Search code examples
pythonnumpytensorflowdataset

Creating a tf.Dataset from an numpy array with shape (890,2048,3)


I am working on the point net implementation for the registration of point clouds. for that I created 890 source and target point clouds stored in NumPy arrays with shape=(2048,3). I then combined all 890 source and target arrays into 2 big arrays with shape=(890,2048,3). Now I want to create an input pipeline for a TensorFlow model. How do I create a Tensorflow dataset from these two numpy arrays and how do I check whether it worked?

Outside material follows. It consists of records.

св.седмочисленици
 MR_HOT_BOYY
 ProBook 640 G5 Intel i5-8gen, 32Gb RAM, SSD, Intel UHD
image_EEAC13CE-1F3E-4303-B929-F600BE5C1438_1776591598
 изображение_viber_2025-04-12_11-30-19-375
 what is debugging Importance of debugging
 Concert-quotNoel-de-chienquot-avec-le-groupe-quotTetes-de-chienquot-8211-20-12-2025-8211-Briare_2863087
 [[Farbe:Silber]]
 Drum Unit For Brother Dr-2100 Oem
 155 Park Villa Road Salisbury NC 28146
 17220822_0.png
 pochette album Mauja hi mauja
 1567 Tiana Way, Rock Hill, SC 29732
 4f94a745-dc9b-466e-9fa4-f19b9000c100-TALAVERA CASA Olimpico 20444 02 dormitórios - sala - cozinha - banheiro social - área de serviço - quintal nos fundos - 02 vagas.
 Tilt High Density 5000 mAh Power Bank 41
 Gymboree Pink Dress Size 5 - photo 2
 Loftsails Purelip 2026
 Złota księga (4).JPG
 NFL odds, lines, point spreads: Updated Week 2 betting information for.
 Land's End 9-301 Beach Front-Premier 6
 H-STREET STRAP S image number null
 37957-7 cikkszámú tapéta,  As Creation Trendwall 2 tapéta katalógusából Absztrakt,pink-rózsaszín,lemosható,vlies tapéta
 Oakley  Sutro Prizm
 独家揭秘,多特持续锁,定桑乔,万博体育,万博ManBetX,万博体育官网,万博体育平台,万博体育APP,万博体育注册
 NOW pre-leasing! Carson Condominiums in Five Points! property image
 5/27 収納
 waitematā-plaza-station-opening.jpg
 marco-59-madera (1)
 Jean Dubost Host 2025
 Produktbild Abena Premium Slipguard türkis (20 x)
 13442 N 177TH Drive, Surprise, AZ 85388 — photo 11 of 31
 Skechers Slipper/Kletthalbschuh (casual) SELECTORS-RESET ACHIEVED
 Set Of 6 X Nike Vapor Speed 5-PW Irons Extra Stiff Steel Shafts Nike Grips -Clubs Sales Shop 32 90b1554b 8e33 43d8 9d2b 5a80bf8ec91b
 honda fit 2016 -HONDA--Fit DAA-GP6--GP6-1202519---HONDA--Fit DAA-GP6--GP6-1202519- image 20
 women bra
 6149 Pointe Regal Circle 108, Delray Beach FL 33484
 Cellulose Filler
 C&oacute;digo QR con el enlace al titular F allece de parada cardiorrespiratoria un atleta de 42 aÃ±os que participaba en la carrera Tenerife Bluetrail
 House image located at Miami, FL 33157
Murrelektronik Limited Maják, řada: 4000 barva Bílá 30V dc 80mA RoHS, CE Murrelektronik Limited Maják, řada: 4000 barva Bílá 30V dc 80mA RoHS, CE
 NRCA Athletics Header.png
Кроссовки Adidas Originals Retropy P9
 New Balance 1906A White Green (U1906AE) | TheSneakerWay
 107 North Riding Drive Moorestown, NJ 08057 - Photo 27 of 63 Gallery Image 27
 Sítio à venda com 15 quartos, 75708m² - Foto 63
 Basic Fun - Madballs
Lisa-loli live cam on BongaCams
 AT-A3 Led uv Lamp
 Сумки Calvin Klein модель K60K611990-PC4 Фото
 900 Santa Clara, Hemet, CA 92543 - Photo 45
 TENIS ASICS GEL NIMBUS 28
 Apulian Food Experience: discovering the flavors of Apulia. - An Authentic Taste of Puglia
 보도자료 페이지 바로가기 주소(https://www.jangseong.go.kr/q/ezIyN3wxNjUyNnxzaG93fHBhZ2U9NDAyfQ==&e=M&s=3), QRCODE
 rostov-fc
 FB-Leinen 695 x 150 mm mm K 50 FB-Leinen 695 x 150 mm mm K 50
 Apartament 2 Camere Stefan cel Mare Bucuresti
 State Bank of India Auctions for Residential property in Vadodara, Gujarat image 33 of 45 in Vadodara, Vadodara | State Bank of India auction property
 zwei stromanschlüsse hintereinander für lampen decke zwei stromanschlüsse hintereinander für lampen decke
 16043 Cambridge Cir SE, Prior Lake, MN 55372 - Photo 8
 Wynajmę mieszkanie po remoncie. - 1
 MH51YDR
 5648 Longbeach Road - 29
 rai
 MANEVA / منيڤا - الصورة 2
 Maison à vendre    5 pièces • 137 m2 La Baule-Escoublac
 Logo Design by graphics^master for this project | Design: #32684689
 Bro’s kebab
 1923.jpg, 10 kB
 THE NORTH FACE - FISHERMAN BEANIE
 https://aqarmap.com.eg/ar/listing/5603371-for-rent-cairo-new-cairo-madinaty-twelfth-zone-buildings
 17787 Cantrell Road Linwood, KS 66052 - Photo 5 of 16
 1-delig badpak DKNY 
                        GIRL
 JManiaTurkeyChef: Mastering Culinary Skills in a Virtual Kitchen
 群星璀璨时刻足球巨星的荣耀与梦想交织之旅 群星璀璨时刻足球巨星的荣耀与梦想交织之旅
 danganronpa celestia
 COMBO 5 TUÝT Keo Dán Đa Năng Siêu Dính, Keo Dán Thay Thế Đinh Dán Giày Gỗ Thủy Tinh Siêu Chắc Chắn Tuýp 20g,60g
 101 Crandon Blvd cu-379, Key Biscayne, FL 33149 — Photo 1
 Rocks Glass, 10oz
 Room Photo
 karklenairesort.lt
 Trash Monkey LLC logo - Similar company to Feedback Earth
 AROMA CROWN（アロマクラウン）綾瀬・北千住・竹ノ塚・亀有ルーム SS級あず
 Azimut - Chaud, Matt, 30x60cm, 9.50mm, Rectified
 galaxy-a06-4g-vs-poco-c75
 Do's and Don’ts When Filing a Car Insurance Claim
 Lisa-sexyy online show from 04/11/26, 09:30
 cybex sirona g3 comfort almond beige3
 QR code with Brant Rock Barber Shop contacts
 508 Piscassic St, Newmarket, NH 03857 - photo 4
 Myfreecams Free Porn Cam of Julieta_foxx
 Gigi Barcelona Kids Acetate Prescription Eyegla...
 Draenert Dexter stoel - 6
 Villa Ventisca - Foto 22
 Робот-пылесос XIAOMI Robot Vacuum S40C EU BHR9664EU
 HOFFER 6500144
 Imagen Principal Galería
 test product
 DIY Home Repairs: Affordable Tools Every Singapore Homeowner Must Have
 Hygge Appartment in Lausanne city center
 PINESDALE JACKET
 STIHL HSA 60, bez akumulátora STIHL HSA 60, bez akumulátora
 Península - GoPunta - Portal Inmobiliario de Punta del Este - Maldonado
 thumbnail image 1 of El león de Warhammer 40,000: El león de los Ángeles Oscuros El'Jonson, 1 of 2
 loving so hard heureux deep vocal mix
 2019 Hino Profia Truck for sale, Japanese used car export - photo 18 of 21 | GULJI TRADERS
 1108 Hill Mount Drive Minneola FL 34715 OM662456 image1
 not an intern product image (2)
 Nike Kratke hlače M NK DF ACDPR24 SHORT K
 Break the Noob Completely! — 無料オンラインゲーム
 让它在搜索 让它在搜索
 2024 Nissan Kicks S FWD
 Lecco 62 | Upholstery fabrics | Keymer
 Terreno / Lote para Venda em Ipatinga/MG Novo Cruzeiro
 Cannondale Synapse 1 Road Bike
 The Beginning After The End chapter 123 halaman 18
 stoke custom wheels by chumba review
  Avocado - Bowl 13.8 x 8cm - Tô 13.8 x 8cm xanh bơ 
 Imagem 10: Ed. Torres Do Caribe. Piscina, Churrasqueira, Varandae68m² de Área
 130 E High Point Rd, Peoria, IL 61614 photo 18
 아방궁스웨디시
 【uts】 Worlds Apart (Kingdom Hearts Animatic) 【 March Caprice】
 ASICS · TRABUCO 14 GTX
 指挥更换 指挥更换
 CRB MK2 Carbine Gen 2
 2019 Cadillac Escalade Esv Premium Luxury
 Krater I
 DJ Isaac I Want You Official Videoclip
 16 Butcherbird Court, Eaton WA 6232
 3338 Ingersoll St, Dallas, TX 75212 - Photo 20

I tried :

data1 = tf.data.Dataset.from_tensor_slices((source,targ))
data

But I only get:

<TensorSliceDataset element_spec=(TensorSpec(shape=(2048, 3), dtype=tf.float64, name=None), TensorSpec(shape=(2048, 3), dtype=tf.float64, name=None))>'

as an output..

I really appreciate any help or guidance to where to look at:)


Solution

  • This is because you need to batch your data. Otherwise tensorflow retains the original shape with which you created the dataset and sends in batches of 1

    Contrast

    source = np.random.normal(size=(890,2048,3))
    targ = np.random.normal(size=(890,2048,3))
    
    data1 = tf.data.Dataset.from_tensor_slices((source,targ))
    
    for x,y in data1.take(1):
      print(x.shape)
      print(y.shape)
    
    >>>(2048, 3)
    (2048, 3)
    

    with

    source = np.random.normal(size=(890,2048,3))
    targ = np.random.normal(size=(890,2048,3))
    
    data1 = tf.data.Dataset.from_tensor_slices((source,targ))
    data1 = data1.batch(8) #Or some number of convenience
    
    for x,y in data1.take(1):
      print(x.shape)
      print(y.shape)
    
    >>>(8, 2048, 3)
    (8, 2048, 3)